15 of History's Greatest Mad Scientists


When it comes to scientists, brilliance and eccentricity seem to go hand in hand. Some of the most innovative minds in human history have also been the strangest. From eccentric geniuses to the downright insane, here are some of history’s greatest mad scientists.


Born in Castle Frankenstein in 1673, Johann Conrad Dippel was a theologian, alchemist, and scientist who developed a popular dye called Prussian Blue that is still used to this day. But Dippel is better remembered for his more controversial experiments. He mixed animal bones and hides together in a stew he called “Dippel’s Oil,” which he claimed was an elixir that could extend the lifespan of anyone who consumed it. He also loved dissecting animals, and some believe he even stole human bodies from Castle Frankenstein. Dippel is often cited as an inspiration for Mary Shelley’s Frankenstein, though the claim remains controversial.

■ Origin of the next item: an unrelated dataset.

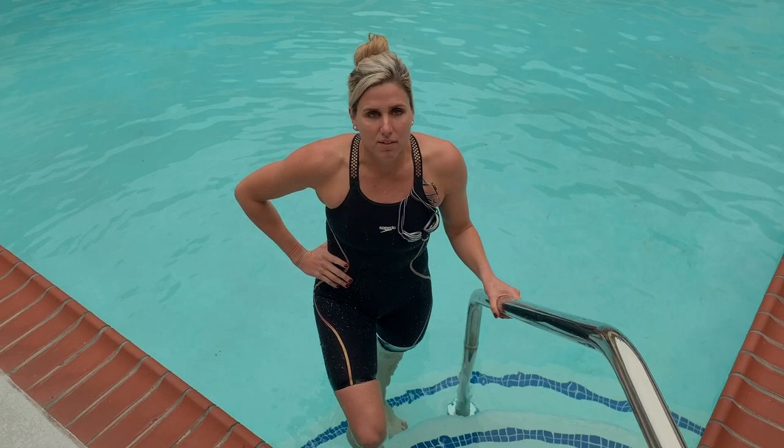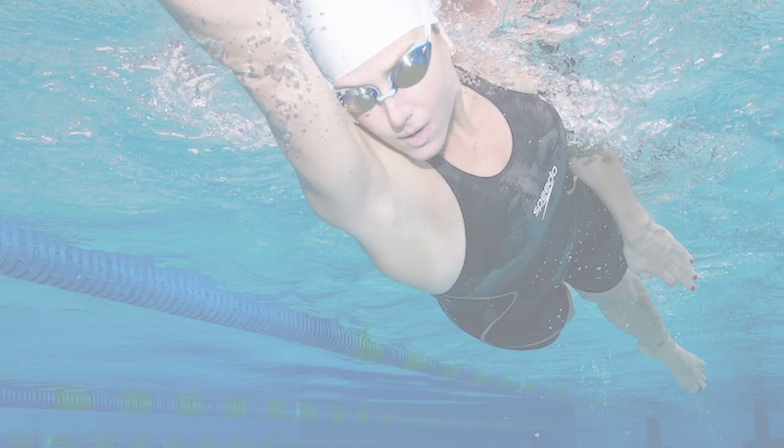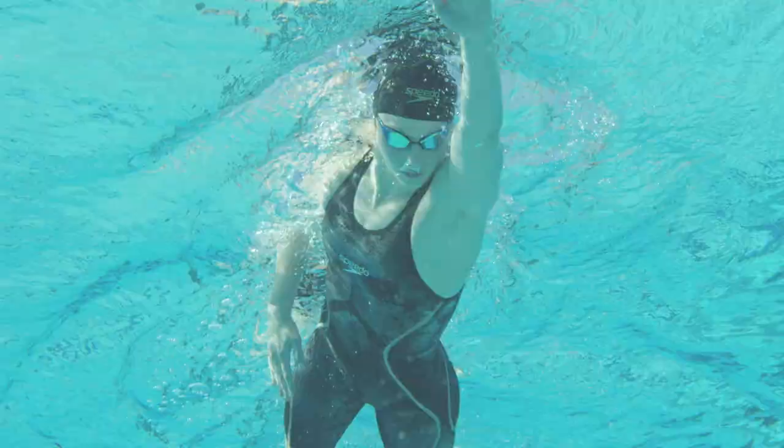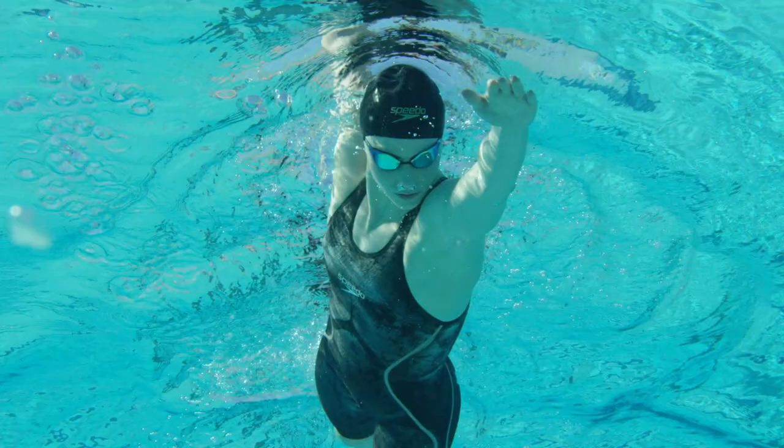I really love the blended materials in the Speedo Laser Pure Intent. On the front it's a nice single layer for flexion, while on the back it's a double layer for extra compression. I tested a size 28 and what I really love about the suit is it's super compressive. There's a double layer of fabric on the back of the hamstrings for extra compression and lift, and on the front it's a single layer which gives you extra flexion in the hips.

Another possible Frankenstein inspiration was mad scientist Giovanni Aldini, who among other strange experiments, was obsessed with the effects of electrocution. Aldini, who was something of a celebrity in the early 19th century, travelled Europe, demonstrating the powers of electricity. He was also one of the first scientists to treat mental patients with electric shocks. Though his methods were unconventional, Aldini was well respected in his time, and the emperor of Austria even made him a Knight of the Iron Crown. 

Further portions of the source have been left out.